Pentagonal bipyramids lead to the smallest flexible embedded polyhedron

TL;DR

This paper classifies flexible pentagonal bipyramids using algebraic methods and constructs an embedded flexible polyhedron with 8 vertices, solving an open problem in the field.

Contribution

It introduces a classification of flexible pentagonal bipyramids via Galois groups and constructs the first embedded flexible polyhedron with 8 vertices.

Findings

Classification of flexible pentagonal bipyramids based on Galois groups

Construction of an embedded flexible polyhedron with 8 vertices

Solution to the open problem of minimal vertices for flexible polyhedra

Abstract

Steffen's polyhedron was believed to have the least number of vertices among polyhedra that can flex without self-intersections.
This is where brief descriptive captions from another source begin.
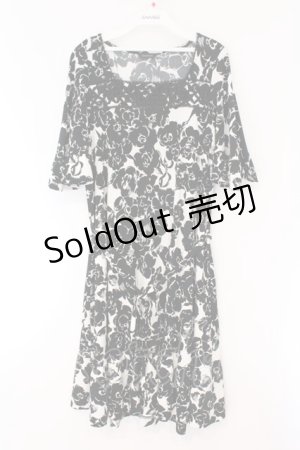 画像: INGEBORG / 花柄カットワンピース 11 シロ×クロ O-26-03-23-048-LO-OP-OW-OS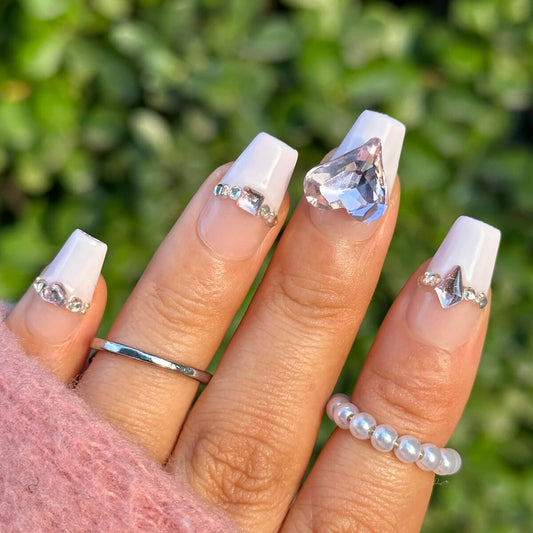 Rose Girl Crooked Heart Manucure Ongles amovibles fabriqués à la main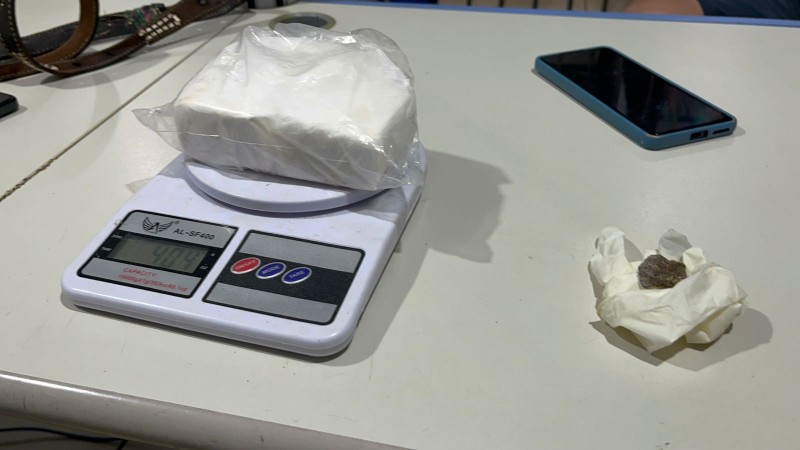 Dois homens são presos com cocaína na cueca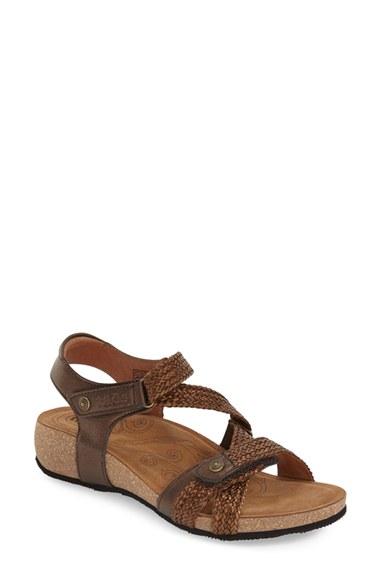 Women's Taos 'trulie' Wedge Sandal Eu - Metallic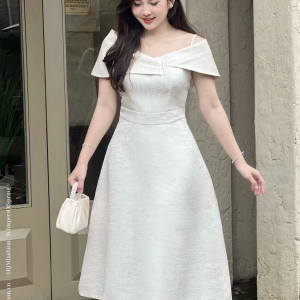 Đầm Dự Tiệc Vai Lệch – Olivia Dress | Đầm Dáng A Xòe Nhẹ Tôn Dáng, Vải Tafta Ánh Gỗ Cao Cấp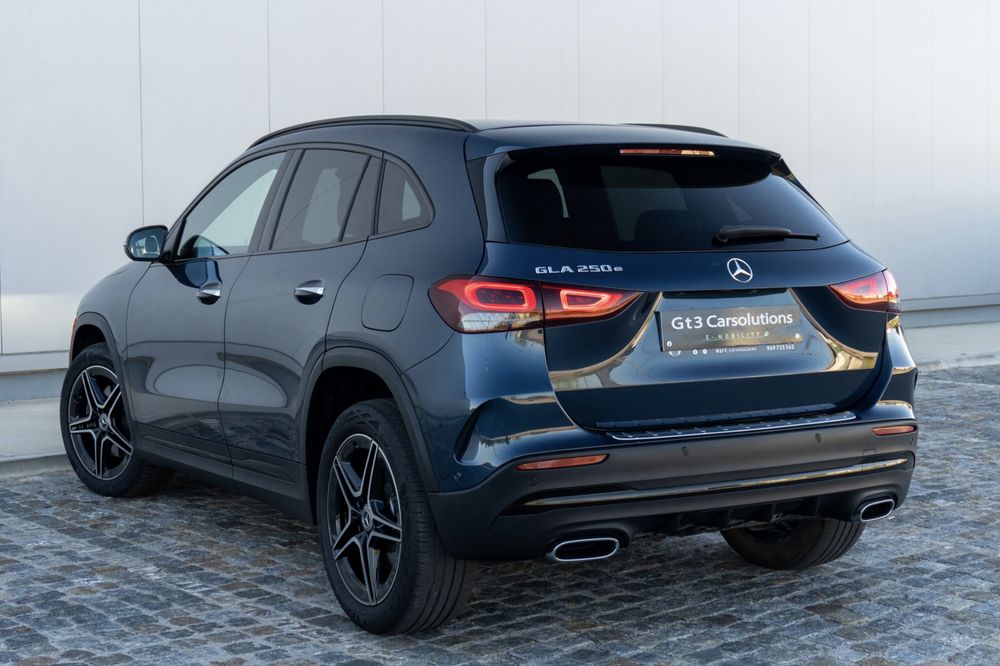 Mercedes-Benz GLA 250e AMG Line (financiamento diasponívek)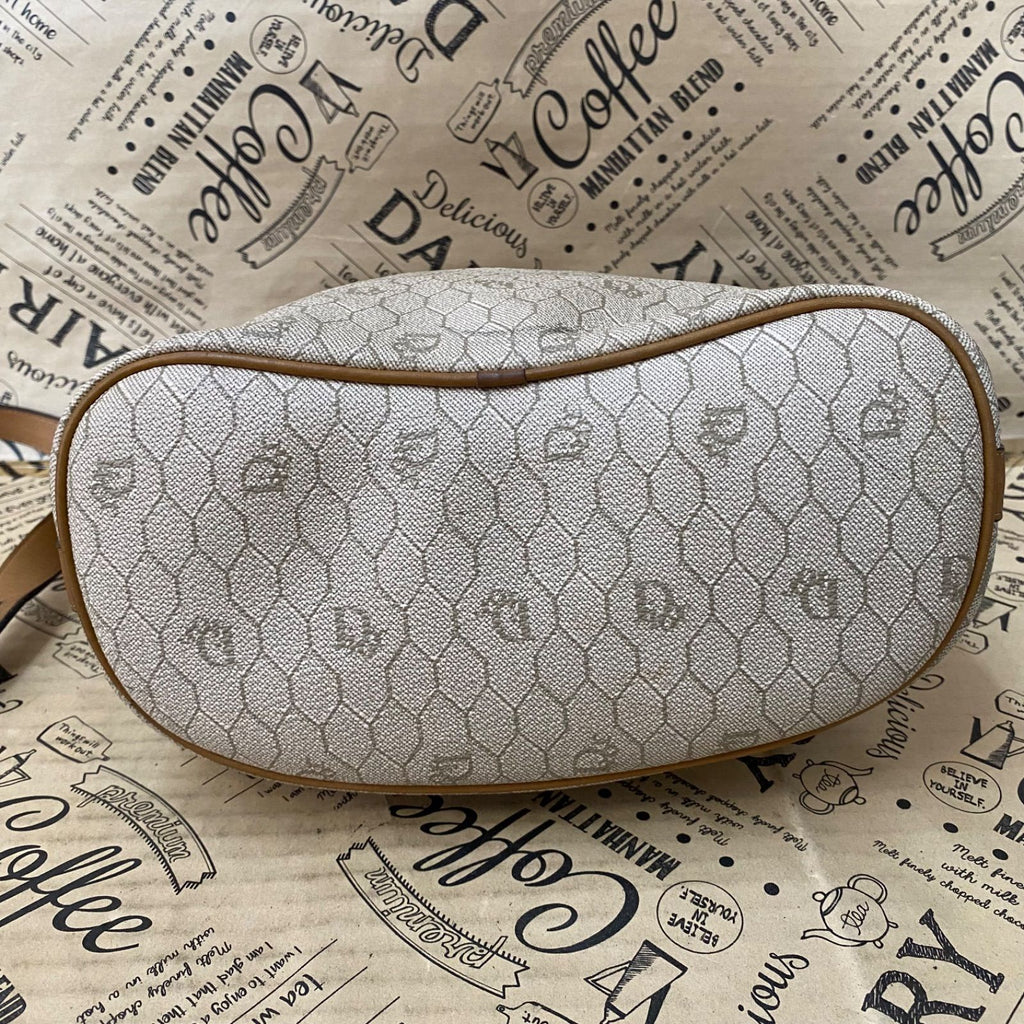Dior Shoulder Bag Drawstring Honeycomb White — view 4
Maksimov clarified that the pentagonal bipyramid with one face subdivided into three is the only polyhedron with fewer vertices for which the existence of a self-intersection-free flex was open. Since subdividing a face into three does not change the mobility, we focus on flexible pentagonal bipyramids. When a bipyramid flexes, the distance between the two opposite vertices of the two pyramids changes; associating the position of the bipyramid to this distance yields an algebraic map that determines a nontrivial extension of rational function fields. We classify flexible pentagonal bipyramids with respect to the Galois group of this field extension and provide examples for each class, building on a construction proposed by Nelson. Surprisingly, one of our constructions yields a flexible pentagonal bipyramid that can be extended to an embedded flexible polyhedron with 8 vertices. The latter hence solves the open question.